A winnable game slips through the Phillies’ fingers.

MLB: Miami Marlins at Philadelphia Phillies Eric Hartline-USA TODAY Sports

It’s not fair to ask someone which kind of Phillies loss is more frustrating or more brutal. The one you experienced most recently is usually the one that is going to be at the top of the list.

With that in mind I’d like to nominate “letting a winnable game slip through their fingers” as the most frustrating and brutal kind of win, because that’s what we saw today.

This game, this 6-4 loss to the Marlins, had phases.

PHASE I: “They’re only one run down, and there’s plenty of game left to play.”

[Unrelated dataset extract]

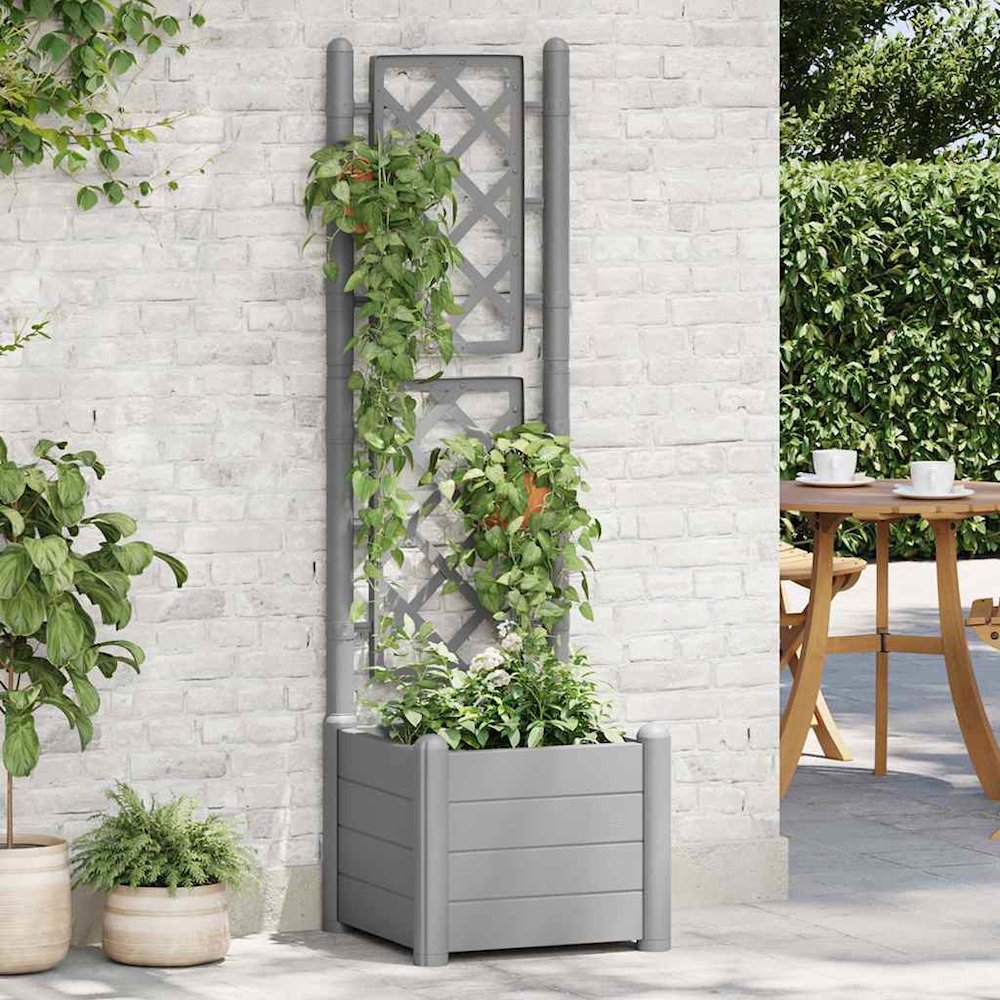 Garden Planter Stone Gray Polypropylene Large Garden Planter. Picture 2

The Phillies got things started off right. Cesar Hernandez hit a lead-off home run, giving the Phillies an early lead. Nick Pivetta would pitch a total of three scoreless innings before giving two runs and the lead back to the Marlins.

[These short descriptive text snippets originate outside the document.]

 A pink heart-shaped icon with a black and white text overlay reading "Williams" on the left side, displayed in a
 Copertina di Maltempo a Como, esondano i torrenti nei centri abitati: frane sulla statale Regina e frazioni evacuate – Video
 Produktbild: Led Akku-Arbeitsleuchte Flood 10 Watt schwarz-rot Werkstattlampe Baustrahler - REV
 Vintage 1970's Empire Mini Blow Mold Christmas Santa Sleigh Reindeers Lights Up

But they were just down one run, and there were five whole innings left to play. It wasn’t over.

PHASE II: “It’s not that bad — oh wait it is.”

Pivetta made it through five innings, and allowed one more run to bring the score to 3-1. Things were fine. Everything was under control. And then Luis Garcia happened.

Luis Garcia doesn’t just pitch anymore. He “happens” to games. And then the games are never the same. This is the sequence of events that led to the Marlins scoring three runs off of Luis Garcia.

  • Single
  • Single
  • Sac fly, run scores
  • Triple, run scores
  • Wild pitch, run scores
  • Out
  • Double
  • Out
  • Liz drinks all the alcohol

It was brutal. The Phillies were down 6-1. And it felt like there was no coming back from it.

Phase III: “False hope. That’s all this is, annnnnnnd [game ends] I’m right.”

But then there kind of was a little coming back from it. The Phillies scored a run in the seventh, narrowing the deficit to just four runs. But it could have been so much more. They had runners on first and third with one out, and then Roman Quinn reached on a fielder’s choice and a run scored. They still had two men on and one out, but they couldn’t squeeze another run out of that situation.

That would come back to haunt them. In the ninth, the Phillies scored two runs. With two outs and a runner on first, Rhys Hoskins came to bat. He took the count to 3-2, and then swung through the air for strike three. Game over.

At one point, two Marlins runners crossed each other on the basepaths. And the Phillies still lost. That feels like a sign.